Identification of a photosystem II phosphatase involved in light acclimation in Arabidopsis.

机构信息

Department of Botany and Plant Biology, University of Geneva, 30 quai Ernest Ansermet, 1211 Geneva 4, Switzerland.

出版信息

Plant Cell. 2012 Jun;24(6):2596-609. doi: 10.1105/tpc.112.095703. Epub 2012 Jun 15.

Abstract

Reversible protein phosphorylation plays a major role in the acclimation of the photosynthetic apparatus to changes in light. Two paralogous kinases phosphorylate subsets of thylakoid membrane proteins.
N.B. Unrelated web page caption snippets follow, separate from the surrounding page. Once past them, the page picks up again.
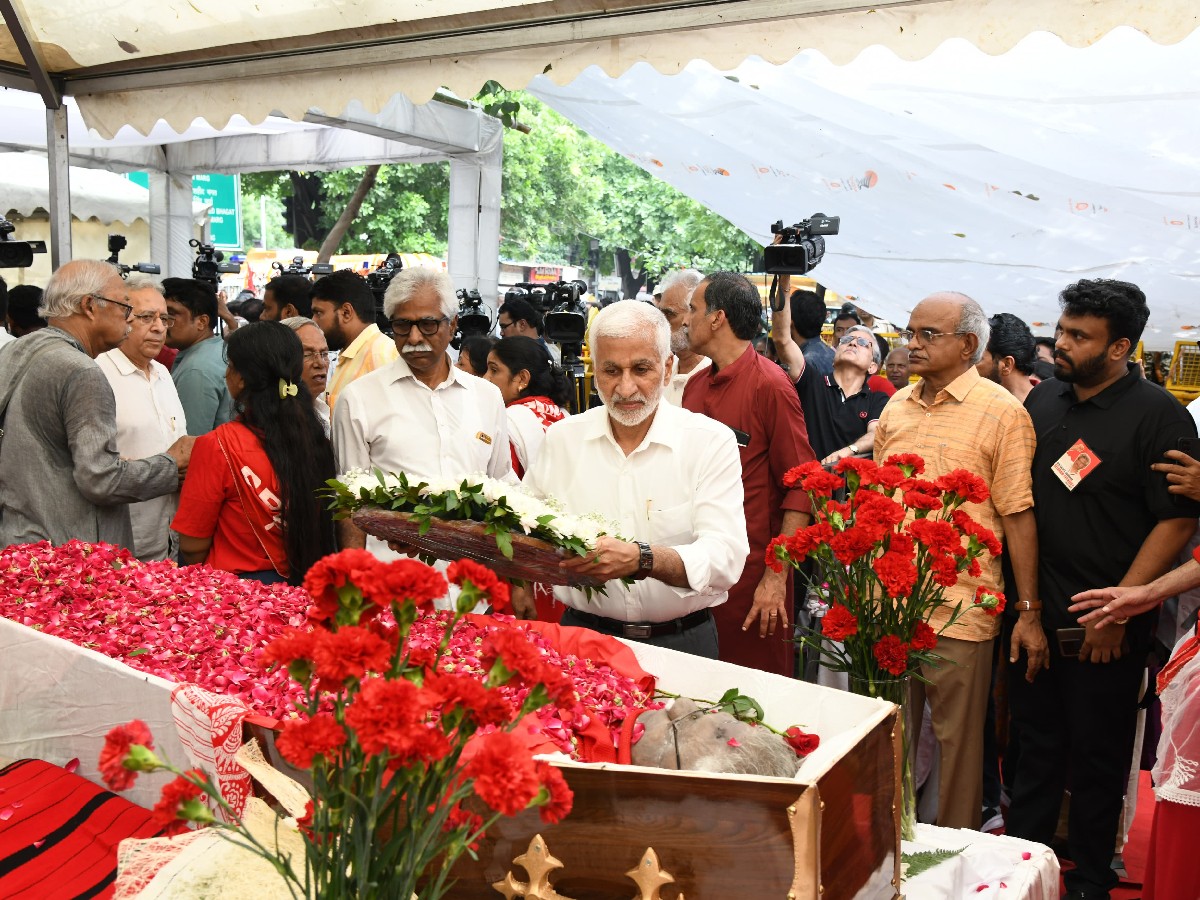 Vijaya Sai Reddy pays tribute to Yechury's body6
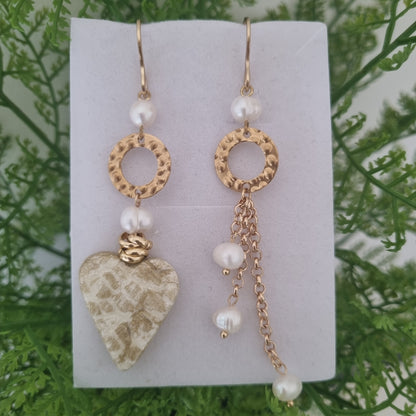 Orecchini artigianali Cuore d’Oro – Orecchini asimmetrici con perle e cuore dorato fatti a mano in Italia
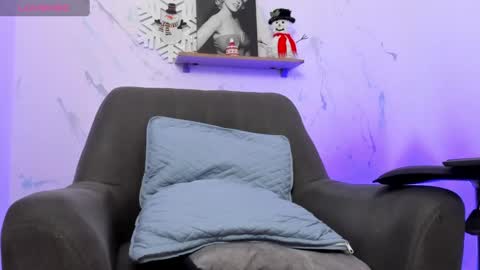 Snapshot of smitgrey chatting on January 11, 5:41 am SMIT online show from January 11, 5:41 am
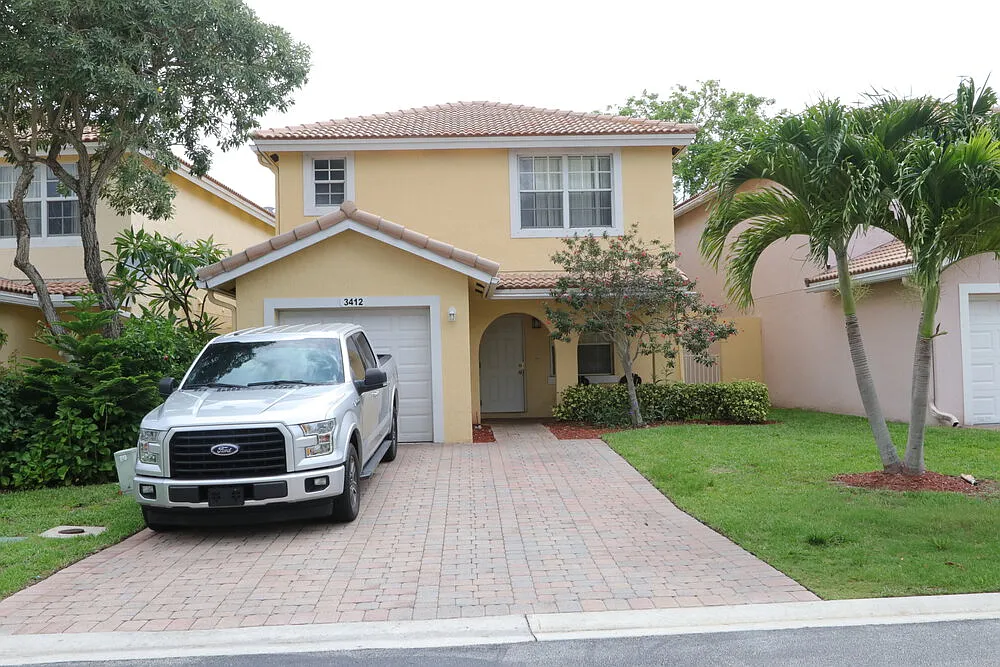 3 bed, 2.0 bath, 1478 sqft, $2,815 — Photo 1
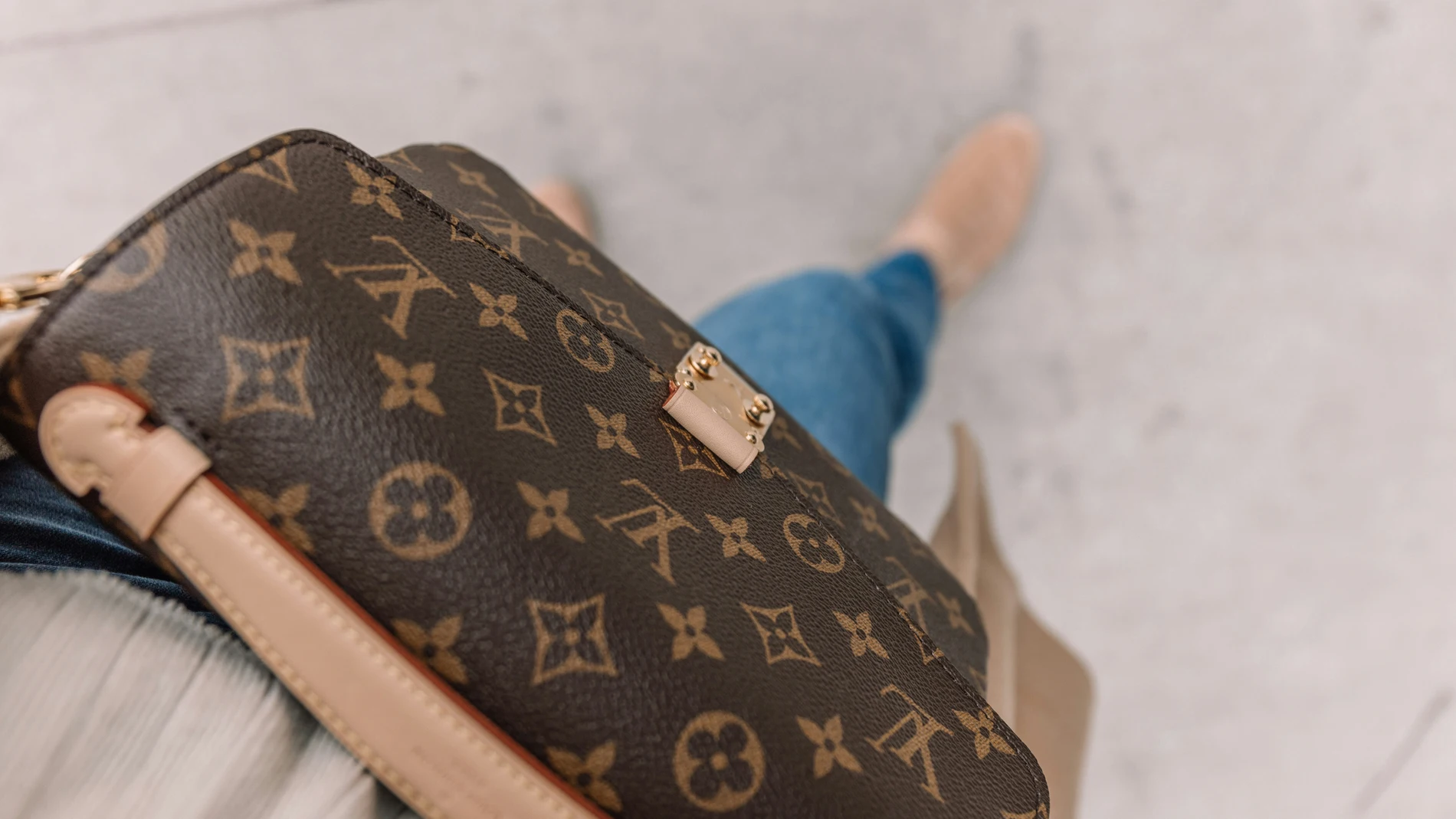 Una estadounidense olvida su bolso Louis Vuitton con 8.000 dólares en un área de servicio de la autopista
STATE TRANSITION7 (STN7) phosphorylates LHCII, the light-harvesting antenna of photosystem II (PSII), to balance the activity of the two photosystems through state transitions. STN8, which is mainly involved in phosphorylation of PSII core subunits, influences folding of the thylakoid membranes and repair of PSII after photodamage. The rapid reversibility of these acclimatory responses requires the action of protein phosphatases. In a reverse genetic screen, we identified the chloroplast PP2C phosphatase, PHOTOSYSTEM II CORE PHOSPHATASE (PBCP), which is required for efficient dephosphorylation of PSII proteins. Its targets, identified by immunoblotting and mass spectrometry, largely coincide with those of the kinase STN8. The recombinant phosphatase is active in vitro on a synthetic substrate or on isolated thylakoids. Thylakoid folding is affected in the absence of PBCP, while its overexpression alters the kinetics of state transitions. PBCP and STN8 form an antagonistic kinase and phosphatase pair whose substrate specificity and physiological functions are distinct from those of STN7 and the counteracting phosphatase PROTEIN PHOSPHATASE1/THYLAKOID-ASSOCIATED PHOSPHATASE38, but their activities may overlap to some degree.

摘要

可逆蛋白质磷酸化在光合作用器官对光变化的适应中起着主要作用。两个类似的激酶磷酸化类囊体膜蛋白的亚群。状态转换 7(STN7)磷酸化 LHCII,即光系统 II(PSII)的光捕获天线,通过状态转换来平衡两个光系统的活性。STN8 主要参与 PSII 核心亚基的磷酸化,影响类囊体膜的折叠和 PSII 在光损伤后的修复。这些适应性反应的快速可逆性需要蛋白质磷酸酶的作用。在反向遗传筛选中,我们鉴定了叶绿体 PP2C 磷酸酶 PHOTOSYSTEM II CORE PHOSPHATASE(PBCP),它是 PSII 蛋白有效去磷酸化所必需的。通过免疫印迹和质谱鉴定的其靶标,在很大程度上与激酶 STN8 的靶标重合。重组磷酸酶在体外合成底物或分离的类囊体上具有活性。在缺乏 PBCP 的情况下,类囊体折叠受到影响,而其过表达改变了状态转换的动力学。PBCP 和 STN8 形成一个拮抗的激酶和磷酸酶对,其底物特异性和生理功能与 STN7 和拮抗磷酸酶 PROTEIN PHOSPHATASE1/THYLAKOID-ASSOCIATED PHOSPHATASE38 不同,但它们的活性可能在一定程度上重叠。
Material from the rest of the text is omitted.